Andrew Bailey, the Governor of the Bank of England, has cautioned that new technology has increased the likelihood of banks collapsing more quickly than in the past.
During a speech at the International Monetary Fund’s Spring Meetings in Washington DC, Bailey suggested that financial institutions may require more significant cash reserves to protect against bank runs.
He pointed out that the speed of communication and access to bank accounts means that deposit holders can withdraw their funds much more quickly today than during the 2008 financial crisis. As a result, banks may need to increase their cash buffers to give them more time in the event of a bank run.

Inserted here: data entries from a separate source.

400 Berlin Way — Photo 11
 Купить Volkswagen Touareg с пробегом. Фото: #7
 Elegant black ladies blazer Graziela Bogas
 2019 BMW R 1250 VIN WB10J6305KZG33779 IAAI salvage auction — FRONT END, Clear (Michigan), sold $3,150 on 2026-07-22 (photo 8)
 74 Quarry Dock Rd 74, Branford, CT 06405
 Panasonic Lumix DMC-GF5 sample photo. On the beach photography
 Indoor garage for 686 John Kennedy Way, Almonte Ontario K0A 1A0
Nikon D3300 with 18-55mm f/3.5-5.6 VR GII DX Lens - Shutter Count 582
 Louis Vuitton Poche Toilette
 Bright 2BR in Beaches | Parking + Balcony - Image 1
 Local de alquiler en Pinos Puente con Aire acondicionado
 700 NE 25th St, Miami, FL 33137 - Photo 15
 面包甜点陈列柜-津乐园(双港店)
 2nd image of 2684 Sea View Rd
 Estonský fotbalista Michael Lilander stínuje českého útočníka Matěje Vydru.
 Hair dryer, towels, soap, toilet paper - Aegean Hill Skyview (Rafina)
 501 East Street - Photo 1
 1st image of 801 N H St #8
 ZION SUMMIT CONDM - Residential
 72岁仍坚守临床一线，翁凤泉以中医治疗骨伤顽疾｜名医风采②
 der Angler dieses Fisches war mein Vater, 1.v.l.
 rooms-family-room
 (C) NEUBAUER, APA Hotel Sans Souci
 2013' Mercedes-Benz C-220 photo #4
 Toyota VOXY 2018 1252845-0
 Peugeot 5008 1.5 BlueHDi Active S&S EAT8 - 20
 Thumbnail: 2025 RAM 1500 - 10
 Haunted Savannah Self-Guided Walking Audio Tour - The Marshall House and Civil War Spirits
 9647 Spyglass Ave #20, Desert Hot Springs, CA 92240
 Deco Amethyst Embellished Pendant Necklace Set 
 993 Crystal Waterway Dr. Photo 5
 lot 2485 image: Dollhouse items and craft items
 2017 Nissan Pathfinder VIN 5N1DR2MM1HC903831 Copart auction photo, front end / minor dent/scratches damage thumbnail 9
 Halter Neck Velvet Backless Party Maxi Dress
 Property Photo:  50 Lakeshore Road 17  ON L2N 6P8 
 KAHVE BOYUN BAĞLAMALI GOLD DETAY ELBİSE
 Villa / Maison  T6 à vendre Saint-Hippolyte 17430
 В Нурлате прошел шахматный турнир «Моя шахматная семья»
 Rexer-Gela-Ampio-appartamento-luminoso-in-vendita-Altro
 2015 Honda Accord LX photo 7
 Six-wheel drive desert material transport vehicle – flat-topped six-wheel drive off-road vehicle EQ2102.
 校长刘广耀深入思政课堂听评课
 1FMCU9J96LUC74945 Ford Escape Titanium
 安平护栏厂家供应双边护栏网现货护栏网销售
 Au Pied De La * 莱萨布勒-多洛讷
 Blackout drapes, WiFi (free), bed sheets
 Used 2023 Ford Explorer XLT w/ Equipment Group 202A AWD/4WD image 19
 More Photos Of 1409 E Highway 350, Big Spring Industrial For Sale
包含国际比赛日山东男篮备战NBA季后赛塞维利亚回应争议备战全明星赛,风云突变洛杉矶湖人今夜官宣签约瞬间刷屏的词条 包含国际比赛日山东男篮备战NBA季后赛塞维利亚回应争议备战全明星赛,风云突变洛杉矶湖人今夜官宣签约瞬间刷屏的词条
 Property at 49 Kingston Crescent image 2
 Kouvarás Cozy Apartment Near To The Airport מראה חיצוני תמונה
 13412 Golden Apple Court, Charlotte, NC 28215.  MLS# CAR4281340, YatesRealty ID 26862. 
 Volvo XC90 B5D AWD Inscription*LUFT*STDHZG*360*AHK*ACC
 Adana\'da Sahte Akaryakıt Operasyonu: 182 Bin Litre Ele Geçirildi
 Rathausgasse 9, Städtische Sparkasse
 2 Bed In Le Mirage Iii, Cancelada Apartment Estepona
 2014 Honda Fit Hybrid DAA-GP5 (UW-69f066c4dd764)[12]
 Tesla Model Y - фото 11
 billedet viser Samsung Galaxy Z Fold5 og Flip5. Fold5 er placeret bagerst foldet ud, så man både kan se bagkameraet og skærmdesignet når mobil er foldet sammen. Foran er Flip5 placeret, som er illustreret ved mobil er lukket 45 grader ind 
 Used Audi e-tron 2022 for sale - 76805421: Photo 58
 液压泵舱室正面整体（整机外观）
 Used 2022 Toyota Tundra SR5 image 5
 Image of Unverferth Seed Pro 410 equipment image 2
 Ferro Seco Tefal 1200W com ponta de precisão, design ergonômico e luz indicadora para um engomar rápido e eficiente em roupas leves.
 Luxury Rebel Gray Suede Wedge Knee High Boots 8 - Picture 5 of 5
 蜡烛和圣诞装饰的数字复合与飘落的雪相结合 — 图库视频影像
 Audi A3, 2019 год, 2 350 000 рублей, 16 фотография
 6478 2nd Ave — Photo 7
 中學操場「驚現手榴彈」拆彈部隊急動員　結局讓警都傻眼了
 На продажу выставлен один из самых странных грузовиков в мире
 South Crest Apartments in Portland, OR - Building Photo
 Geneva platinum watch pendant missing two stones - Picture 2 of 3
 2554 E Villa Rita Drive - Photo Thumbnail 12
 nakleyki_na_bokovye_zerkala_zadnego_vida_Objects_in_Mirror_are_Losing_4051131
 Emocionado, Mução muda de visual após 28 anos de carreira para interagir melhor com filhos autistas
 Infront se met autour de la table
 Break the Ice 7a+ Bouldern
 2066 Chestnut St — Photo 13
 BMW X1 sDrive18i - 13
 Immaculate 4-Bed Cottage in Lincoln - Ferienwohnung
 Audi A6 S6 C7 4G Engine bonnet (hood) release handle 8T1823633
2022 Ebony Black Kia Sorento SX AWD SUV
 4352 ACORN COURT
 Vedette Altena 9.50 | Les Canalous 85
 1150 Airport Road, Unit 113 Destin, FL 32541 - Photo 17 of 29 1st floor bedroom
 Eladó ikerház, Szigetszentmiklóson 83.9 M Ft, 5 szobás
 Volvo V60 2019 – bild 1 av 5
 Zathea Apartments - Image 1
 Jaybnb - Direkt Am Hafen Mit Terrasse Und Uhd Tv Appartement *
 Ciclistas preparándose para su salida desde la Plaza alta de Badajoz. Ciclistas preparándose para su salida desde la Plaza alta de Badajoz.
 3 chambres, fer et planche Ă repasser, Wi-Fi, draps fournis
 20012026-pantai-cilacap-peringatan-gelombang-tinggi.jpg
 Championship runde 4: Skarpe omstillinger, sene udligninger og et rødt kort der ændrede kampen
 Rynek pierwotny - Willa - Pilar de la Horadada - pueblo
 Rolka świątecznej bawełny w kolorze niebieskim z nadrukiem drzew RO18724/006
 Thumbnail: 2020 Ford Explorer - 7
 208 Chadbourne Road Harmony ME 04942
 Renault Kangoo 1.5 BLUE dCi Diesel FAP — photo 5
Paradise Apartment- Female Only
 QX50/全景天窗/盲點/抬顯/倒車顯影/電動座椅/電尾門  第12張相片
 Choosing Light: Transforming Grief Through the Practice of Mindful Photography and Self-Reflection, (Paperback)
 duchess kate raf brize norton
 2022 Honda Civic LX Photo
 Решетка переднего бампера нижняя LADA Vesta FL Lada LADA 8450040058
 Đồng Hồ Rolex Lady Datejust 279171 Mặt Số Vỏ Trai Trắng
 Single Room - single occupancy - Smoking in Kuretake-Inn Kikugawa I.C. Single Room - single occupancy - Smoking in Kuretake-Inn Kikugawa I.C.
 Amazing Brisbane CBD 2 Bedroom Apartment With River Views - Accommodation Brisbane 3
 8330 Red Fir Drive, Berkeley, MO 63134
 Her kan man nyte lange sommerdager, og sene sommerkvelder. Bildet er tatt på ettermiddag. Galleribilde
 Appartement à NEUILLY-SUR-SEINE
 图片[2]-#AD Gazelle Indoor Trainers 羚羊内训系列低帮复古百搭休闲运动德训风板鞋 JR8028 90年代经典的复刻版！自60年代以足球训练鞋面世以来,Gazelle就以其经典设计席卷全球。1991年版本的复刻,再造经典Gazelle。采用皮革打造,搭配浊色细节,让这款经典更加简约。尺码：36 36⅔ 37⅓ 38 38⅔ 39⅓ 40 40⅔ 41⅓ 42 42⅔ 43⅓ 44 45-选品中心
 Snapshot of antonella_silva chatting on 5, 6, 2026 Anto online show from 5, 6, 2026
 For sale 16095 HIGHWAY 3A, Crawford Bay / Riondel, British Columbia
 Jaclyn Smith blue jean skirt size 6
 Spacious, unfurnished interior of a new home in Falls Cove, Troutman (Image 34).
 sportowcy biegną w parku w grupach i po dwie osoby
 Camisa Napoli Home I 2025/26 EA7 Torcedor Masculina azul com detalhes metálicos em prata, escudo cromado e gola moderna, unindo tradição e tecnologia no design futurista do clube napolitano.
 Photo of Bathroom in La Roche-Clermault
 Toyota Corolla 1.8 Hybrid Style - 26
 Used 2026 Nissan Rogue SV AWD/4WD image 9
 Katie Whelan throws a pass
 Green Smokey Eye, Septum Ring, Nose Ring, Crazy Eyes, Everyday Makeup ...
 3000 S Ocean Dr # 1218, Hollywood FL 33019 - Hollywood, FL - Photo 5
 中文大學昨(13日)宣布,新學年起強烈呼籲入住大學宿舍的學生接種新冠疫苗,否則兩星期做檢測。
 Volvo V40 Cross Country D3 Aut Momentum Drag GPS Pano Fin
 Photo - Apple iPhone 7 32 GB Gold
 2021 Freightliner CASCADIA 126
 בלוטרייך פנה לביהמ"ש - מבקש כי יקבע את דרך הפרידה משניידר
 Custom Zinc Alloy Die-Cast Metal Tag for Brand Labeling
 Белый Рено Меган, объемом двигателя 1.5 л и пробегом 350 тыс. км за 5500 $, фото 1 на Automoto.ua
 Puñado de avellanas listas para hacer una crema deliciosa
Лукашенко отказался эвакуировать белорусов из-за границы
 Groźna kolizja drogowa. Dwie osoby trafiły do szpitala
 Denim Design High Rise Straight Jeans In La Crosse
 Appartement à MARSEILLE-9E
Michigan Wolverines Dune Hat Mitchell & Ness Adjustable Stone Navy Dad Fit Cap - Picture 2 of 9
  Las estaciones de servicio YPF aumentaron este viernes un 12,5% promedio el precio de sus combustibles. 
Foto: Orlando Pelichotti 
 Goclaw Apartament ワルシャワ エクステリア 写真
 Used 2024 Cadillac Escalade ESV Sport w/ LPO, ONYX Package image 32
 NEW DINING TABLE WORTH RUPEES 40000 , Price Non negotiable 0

Nevertheless, Bailey emphasized that British banks are currently well-capitalized and able to serve their customers and support the economy and that he does not believe that there is currently a systemic banking crisis.
The Governor of the Bank of England has indicated that bank runs in the digital age are occurring more rapidly and may compel lenders to retain more cash. Bailey cited the example of Silicon Valley Bank, where technology advancements in communication and bank account access resulted in runs happening much faster than previously.
This highlights the need to reconsider the appropriate and desired liquidity buffers that provide sufficient time to address the issue.
He reassured the Institute for International Finance that the world is not currently experiencing a global banking crisis comparable to the 2008 financial crisis. Bailey acknowledged that the reforms to bank regulation implemented after the crisis has been effective, and stated that British banks are presently well-capitalized, liquid, and able to serve their customers and contribute to the economy.